My Policeman review – a tediously average LGBTQ+ melodrama

By Marc Miller
Published: November 2, 2022 (Last updated: February 22, 2024)


There is simply no suspense in Grandange’s My Policeman. A tedious melodrama about broken hearts, bruised minds, and crippled lives that drags itself to the finish.

We review the Prime Video film My Policeman, which does not contain spoilers.

If My Policeman were not such a tediously average melodrama, Michael Grandage‘s adaptation of Bethan Roberts’ best seller could have been Harry Styles‘ coming out party as an actor. A performer who has been well received of late for Dunkirk and the recent Don’t Worry Darling is stuck in the mud in this film. This is eye-opening, considering the script is from Philadelphia scribe Ron Nyswaner. Even if the scenery and actors look visually pleasing, there is simply no suspense in Grandange’s film, which is one that drags itself to the finish. Strange, since a film that follows the story of broken hearts, bruised minds, and crippled lives shouldn’t be anything but powerfully moving, or at least more poignant to a degree.

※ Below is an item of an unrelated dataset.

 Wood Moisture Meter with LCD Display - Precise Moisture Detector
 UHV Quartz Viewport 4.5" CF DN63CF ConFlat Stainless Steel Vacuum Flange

It is 1950s England, and a dashing museum curator, Patrick Hazlewood (All the Old Knives David Dawson), meets a handsome man in uniform. That man is Tom Burgess (Harry Styles), a police officer on patrol. While at the same time, Tom is courting Marion (The Crown’s Emma Corrin), as they form a pairing that most are envious of. However, the romance between Tom and Patrick does not stop there, even after Tom and Marion enter marital bliss.

Like the source material, the story toggles between the present-day nineties setting and that British love triangle. Now grey and aged gracefully, Marion (now played by Phantom Thread’s Gina McKee) discovers Patrick’s (My Best Friend’s Wedding’s Rupert Everett) diary, after graciously bringing Patrick in to live with them. He now uses a wheelchair and can no longer take care of himself. The rub is that Tom (Law & Order’s Linus Roache) now wants nothing to do with him. Why? That is unclear at first. However, after Marion discovers their old friend’s diary, she gains greater insight into her husband’s past, and even Patrick’s suffering.

While McKee and Dawson give the film’s best performances, they are also the most heartfelt. That may be more apparent because Styles’ Tom is so wooden and unempathetic in his portrayal of a repressed gay man. It’s nearly impossible to go past anything but surface-level insight or feelings. 

You may think the script could then go the other way. He is a well-rounded character who is so scared of societal norms that he coldly rejects his lover. Tom even uses his wife as a beard for protection while not caring for her true happiness. Instead, his demeanor never pivots. That becomes even more evident when Roache’s Burgess’s regret comes pouring in the film’s most moving scene. 

Reportedly, Robert’s novel of the same name greatly affected Grandage, but his film version is too timid, meandering, and even dull. When you consider great films of LGBTQ+ rights like Call Me By Your Name or ones with compelling subplots like The Imitation Game; recent streaming series like A League of Their Own or HBO Max’s Nuclear Family, My Policeman missed a chance at putting a stamp on a film that could depict true repression and palpable regret. 

And there’s the real problem with My Policeman. The viewer’s longing for a better movie outweighs the characters’ yearning for better lives.